亜鉛めっきは鉄鋼材料などの防錆を目的として広く用いられていますが、亜鉛自体も腐食しやすい金属であるため、保護と装飾性を向上させるためにクロメート処理が行われます。クロメート処理は、クロム酸や重クロム酸などの六価クロム化合物を含む溶液に亜鉛めっき部材を浸漬することで、表面にクロメート皮膜を形成させる処理です。

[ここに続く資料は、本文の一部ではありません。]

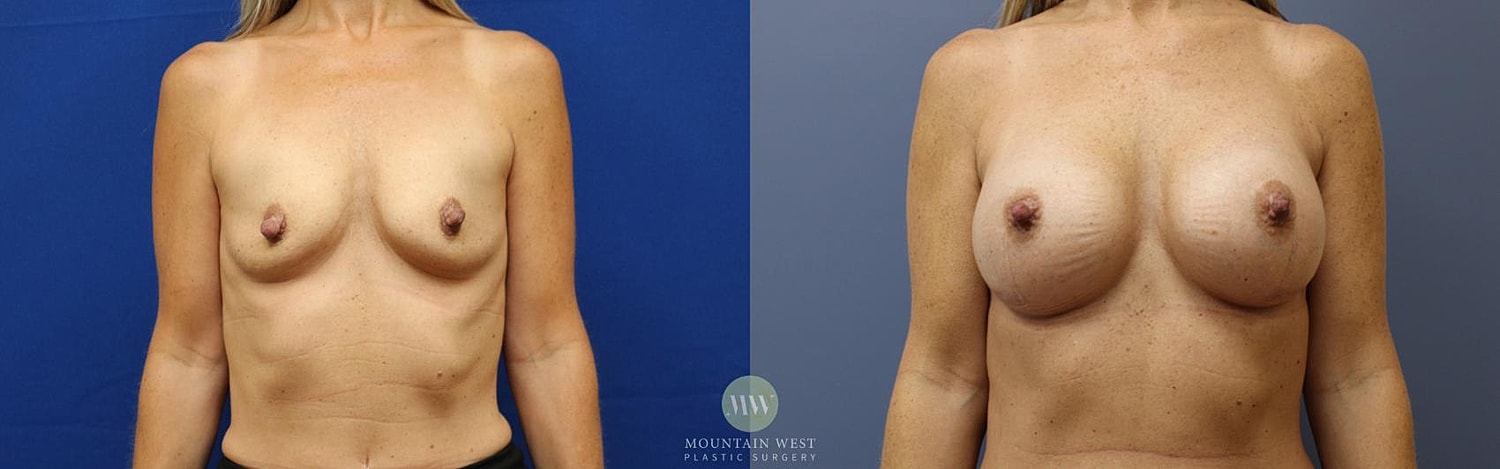 Breast Augmentation Before & After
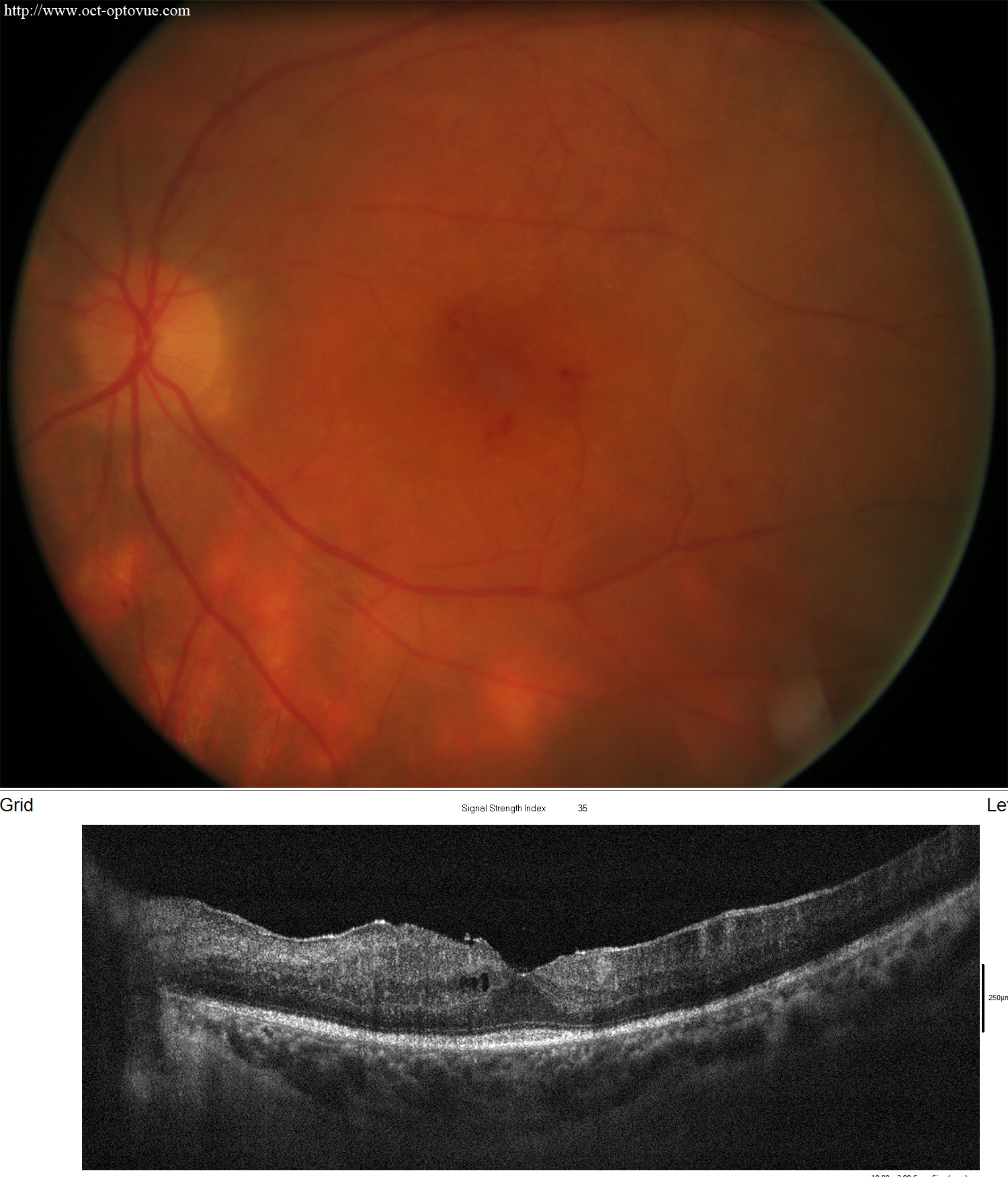 birdshot octa retinopathy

黒クロメートはその名の通り、処理後の外観が漆黒を呈することが特徴です。独特な黒色は他のクロメート処理では得られない意匠性を付与します。また黒色であることから光の反射を抑える効果もあり、光学機器などにも利用されます。黒クロメート処理は亜鉛めっきの耐食性を向上させるだけでなく、装飾性や機能性を付与する重要な表面処理技術です。

黒クロメートの使用用途

黒クロメートの使用用途として、装飾性が求められる用途、耐食性が求められる用途、光の反射防止が求められる用途の3つを解説します。

1. 装飾性が求められる用途

黒クロメート処理の特徴である漆黒の外観は、他の表面処理では得られない高い装飾性を製品に付与します。そのため外観が重要視される製品に広く用いられています。家具や建築金物などのインテリア製品においても、黒色クロメート処理が施された部品はシックで落ち着いた雰囲気を醸し出すことが可能です。

2. 耐食性が求められる用途

黒クロメート処理は、亜鉛めっきの耐食性をさらに向上させる効果があります。亜鉛めっき自体が優れた防錆効果を持つ一方で、亜鉛もまた腐食しやすい金属です。クロメート処理によって形成される皮膜は亜鉛表面を保護し、外部環境からの腐食要因を遮断する役割を果たします。そのため屋外で使用される製品や湿度の高い環境で使用される製品など、高い耐食性が求められる用途に適しています。

3. 光の反射防止が求められる用途

黒色は光を吸収する性質があるため、黒クロメート処理は光の反射を抑える必要がある用途にも適しています。例えば、カメラや望遠鏡などの光学機器の内部部品に用いられることがあります。光学機器などでは内部での光の乱反射が画質に悪影響を及ぼすため、黒クロメート処理によって光の反射を抑え、画質の向上を図ることが可能です。またプロジェクターなどの映像機器においても、筐体内部や部品に黒クロメート処理を施すことで不要な光の反射を防ぎ、投影される映像の品質を高めることが可能です。